→ Task
An exact copy of the data below is required; return it in full.

→ Given data
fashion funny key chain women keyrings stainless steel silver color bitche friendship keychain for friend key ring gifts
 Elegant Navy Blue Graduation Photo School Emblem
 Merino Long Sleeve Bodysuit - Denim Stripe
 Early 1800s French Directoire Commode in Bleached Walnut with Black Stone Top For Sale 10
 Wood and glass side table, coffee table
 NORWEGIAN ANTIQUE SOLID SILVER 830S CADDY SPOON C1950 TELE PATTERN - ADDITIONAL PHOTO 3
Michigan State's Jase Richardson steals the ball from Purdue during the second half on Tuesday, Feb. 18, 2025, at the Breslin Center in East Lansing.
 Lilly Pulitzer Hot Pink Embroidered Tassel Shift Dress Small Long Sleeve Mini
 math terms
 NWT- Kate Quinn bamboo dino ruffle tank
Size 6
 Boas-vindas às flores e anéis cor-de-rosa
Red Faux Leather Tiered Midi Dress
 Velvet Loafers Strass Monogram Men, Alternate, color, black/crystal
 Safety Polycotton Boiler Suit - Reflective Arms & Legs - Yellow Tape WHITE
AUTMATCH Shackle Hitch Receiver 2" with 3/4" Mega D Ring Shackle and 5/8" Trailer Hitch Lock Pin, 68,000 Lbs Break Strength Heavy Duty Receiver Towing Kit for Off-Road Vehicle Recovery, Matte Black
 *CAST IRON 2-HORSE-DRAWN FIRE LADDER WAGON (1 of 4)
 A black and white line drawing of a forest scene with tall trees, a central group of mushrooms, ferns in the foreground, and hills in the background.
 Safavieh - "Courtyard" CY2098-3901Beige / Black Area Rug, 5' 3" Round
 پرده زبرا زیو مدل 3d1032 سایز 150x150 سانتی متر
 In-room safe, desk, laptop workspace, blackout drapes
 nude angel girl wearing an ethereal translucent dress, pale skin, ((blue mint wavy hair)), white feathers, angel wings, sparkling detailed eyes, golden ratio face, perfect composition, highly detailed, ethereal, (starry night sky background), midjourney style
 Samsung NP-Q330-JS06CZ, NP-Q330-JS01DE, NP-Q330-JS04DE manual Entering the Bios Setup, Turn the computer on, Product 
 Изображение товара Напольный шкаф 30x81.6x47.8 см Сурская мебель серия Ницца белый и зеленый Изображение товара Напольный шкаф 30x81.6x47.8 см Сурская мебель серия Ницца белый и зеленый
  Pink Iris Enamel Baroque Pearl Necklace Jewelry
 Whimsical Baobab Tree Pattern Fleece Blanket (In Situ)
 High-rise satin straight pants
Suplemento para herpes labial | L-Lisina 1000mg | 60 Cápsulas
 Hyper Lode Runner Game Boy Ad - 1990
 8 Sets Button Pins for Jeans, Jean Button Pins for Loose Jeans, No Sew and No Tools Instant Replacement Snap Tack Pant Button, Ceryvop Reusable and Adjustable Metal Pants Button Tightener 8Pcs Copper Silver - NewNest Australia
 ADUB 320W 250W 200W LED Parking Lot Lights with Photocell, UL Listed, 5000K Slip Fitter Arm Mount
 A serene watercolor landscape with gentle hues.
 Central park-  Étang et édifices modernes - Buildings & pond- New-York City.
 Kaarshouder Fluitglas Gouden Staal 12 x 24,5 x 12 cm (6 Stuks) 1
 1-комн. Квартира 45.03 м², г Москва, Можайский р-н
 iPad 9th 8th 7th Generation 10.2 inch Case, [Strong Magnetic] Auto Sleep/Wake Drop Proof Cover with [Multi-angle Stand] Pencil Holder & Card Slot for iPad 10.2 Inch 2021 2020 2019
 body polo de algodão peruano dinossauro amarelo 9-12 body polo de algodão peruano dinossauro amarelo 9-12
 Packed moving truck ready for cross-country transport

→ Output for this exercise
fashion funny key chain women keyrings stainless steel silver color bitche friendship keychain for friend key ring gifts
 Elegant Navy Blue Graduation Photo School Emblem
 Merino Long Sleeve Bodysuit - Denim Stripe
 Early 1800s French Directoire Commode in Bleached Walnut with Black Stone Top For Sale 10
 Wood and glass side table, coffee table
 NORWEGIAN ANTIQUE SOLID SILVER 830S CADDY SPOON C1950 TELE PATTERN - ADDITIONAL PHOTO 3
Michigan State's Jase Richardson steals the ball from Purdue during the second half on Tuesday, Feb. 18, 2025, at the Breslin Center in East Lansing.
 Lilly Pulitzer Hot Pink Embroidered Tassel Shift Dress Small Long Sleeve Mini
 math terms
 NWT- Kate Quinn bamboo dino ruffle tank
Size 6
 Boas-vindas às flores e anéis cor-de-rosa
Red Faux Leather Tiered Midi Dress
 Velvet Loafers Strass Monogram Men, Alternate, color, black/crystal
 Safety Polycotton Boiler Suit - Reflective Arms & Legs - Yellow Tape WHITE
AUTMATCH Shackle Hitch Receiver 2" with 3/4" Mega D Ring Shackle and 5/8" Trailer Hitch Lock Pin, 68,000 Lbs Break Strength Heavy Duty Receiver Towing Kit for Off-Road Vehicle Recovery, Matte Black
 *CAST IRON 2-HORSE-DRAWN FIRE LADDER WAGON (1 of 4)
 A black and white line drawing of a forest scene with tall trees, a central group of mushrooms, ferns in the foreground, and hills in the background.
 Safavieh - "Courtyard" CY2098-3901Beige / Black Area Rug, 5' 3" Round
 پرده زبرا زیو مدل 3d1032 سایز 150x150 سانتی متر
 In-room safe, desk, laptop workspace, blackout drapes
 nude angel girl wearing an ethereal translucent dress, pale skin, ((blue mint wavy hair)), white feathers, angel wings, sparkling detailed eyes, golden ratio face, perfect composition, highly detailed, ethereal, (starry night sky background), midjourney style
 Samsung NP-Q330-JS06CZ, NP-Q330-JS01DE, NP-Q330-JS04DE manual Entering the Bios Setup, Turn the computer on, Product 
 Изображение товара Напольный шкаф 30x81.6x47.8 см Сурская мебель серия Ницца белый и зеленый Изображение товара Напольный шкаф 30x81.6x47.8 см Сурская мебель серия Ницца белый и зеленый
  Pink Iris Enamel Baroque Pearl Necklace Jewelry
 Whimsical Baobab Tree Pattern Fleece Blanket (In Situ)
 High-rise satin straight pants
Suplemento para herpes labial | L-Lisina 1000mg | 60 Cápsulas
 Hyper Lode Runner Game Boy Ad - 1990
 8 Sets Button Pins for Jeans, Jean Button Pins for Loose Jeans, No Sew and No Tools Instant Replacement Snap Tack Pant Button, Ceryvop Reusable and Adjustable Metal Pants Button Tightener 8Pcs Copper Silver - NewNest Australia
 ADUB 320W 250W 200W LED Parking Lot Lights with Photocell, UL Listed, 5000K Slip Fitter Arm Mount
 A serene watercolor landscape with gentle hues.
 Central park-  Étang et édifices modernes - Buildings & pond- New-York City.
 Kaarshouder Fluitglas Gouden Staal 12 x 24,5 x 12 cm (6 Stuks) 1
 1-комн. Квартира 45.03 м², г Москва, Можайский р-н
 iPad 9th 8th 7th Generation 10.2 inch Case, [Strong Magnetic] Auto Sleep/Wake Drop Proof Cover with [Multi-angle Stand] Pencil Holder & Card Slot for iPad 10.2 Inch 2021 2020 2019
 body polo de algodão peruano dinossauro amarelo 9-12 body polo de algodão peruano dinossauro amarelo 9-12
 Packed moving truck ready for cross-country transport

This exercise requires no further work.